### Data provided
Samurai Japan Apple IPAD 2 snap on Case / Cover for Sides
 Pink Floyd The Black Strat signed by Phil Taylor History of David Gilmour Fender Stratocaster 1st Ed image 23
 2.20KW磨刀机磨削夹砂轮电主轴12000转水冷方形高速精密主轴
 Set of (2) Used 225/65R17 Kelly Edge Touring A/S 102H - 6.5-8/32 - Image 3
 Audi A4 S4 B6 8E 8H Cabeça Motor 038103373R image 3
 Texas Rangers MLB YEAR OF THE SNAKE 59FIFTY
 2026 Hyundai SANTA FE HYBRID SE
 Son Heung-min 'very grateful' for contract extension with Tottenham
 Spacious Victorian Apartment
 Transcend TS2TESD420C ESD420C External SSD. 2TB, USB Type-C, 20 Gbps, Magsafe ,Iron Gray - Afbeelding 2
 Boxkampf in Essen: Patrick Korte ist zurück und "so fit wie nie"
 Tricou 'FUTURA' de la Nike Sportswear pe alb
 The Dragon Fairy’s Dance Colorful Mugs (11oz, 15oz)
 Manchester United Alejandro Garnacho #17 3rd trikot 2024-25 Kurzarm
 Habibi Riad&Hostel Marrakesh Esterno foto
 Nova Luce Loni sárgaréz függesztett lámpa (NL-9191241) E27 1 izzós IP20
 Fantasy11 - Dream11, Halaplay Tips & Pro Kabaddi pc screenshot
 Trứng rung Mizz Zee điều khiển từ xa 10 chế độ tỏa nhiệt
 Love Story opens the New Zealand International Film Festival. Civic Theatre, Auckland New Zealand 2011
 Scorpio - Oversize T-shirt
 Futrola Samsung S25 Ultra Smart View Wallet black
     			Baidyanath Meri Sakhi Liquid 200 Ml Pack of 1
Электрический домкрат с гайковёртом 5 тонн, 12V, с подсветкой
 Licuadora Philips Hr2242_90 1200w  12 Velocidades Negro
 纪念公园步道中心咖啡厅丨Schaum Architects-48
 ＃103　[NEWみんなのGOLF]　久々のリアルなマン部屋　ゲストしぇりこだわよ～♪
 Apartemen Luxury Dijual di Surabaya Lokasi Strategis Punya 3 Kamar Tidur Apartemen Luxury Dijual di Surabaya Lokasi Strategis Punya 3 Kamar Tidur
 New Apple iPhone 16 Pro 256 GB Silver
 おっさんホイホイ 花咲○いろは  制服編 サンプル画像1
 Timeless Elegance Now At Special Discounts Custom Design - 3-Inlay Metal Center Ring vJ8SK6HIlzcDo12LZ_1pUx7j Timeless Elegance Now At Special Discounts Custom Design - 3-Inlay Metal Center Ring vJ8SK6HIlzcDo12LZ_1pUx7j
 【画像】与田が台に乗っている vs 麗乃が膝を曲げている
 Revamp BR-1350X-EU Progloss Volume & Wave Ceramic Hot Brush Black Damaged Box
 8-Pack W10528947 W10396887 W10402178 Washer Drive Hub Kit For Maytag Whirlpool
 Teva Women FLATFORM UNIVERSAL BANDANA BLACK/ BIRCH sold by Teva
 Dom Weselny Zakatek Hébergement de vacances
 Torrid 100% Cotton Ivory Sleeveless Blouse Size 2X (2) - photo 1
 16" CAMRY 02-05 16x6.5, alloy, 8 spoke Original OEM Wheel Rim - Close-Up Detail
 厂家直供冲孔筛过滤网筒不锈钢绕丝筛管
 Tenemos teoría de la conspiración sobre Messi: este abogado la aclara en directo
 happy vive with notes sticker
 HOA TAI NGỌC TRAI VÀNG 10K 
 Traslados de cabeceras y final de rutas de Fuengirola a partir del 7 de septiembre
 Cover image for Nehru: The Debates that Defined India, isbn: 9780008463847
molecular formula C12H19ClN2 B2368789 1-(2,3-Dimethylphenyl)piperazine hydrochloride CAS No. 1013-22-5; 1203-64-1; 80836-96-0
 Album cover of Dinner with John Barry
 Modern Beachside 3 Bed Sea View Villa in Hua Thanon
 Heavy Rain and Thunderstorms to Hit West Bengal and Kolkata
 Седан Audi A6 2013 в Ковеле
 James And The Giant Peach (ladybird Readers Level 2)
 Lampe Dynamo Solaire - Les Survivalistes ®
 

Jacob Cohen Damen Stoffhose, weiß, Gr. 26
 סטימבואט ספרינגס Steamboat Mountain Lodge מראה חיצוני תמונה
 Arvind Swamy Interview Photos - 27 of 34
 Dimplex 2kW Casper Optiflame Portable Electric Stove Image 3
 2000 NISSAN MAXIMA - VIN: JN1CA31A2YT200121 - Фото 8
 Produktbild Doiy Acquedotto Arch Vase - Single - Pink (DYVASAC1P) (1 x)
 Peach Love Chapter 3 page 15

### Work order
Using the records above, restate word for word the lines from the one with "Boxkampf in Essen: Patrick" through the one with "Habibi Riad&Hostel Marrakesh Esterno foto", both included.

### Task output
 Boxkampf in Essen: Patrick Korte ist zurück und "so fit wie nie"
 Tricou 'FUTURA' de la Nike Sportswear pe alb
 The Dragon Fairy’s Dance Colorful Mugs (11oz, 15oz)
 Manchester United Alejandro Garnacho #17 3rd trikot 2024-25 Kurzarm
 Habibi Riad&Hostel Marrakesh Esterno foto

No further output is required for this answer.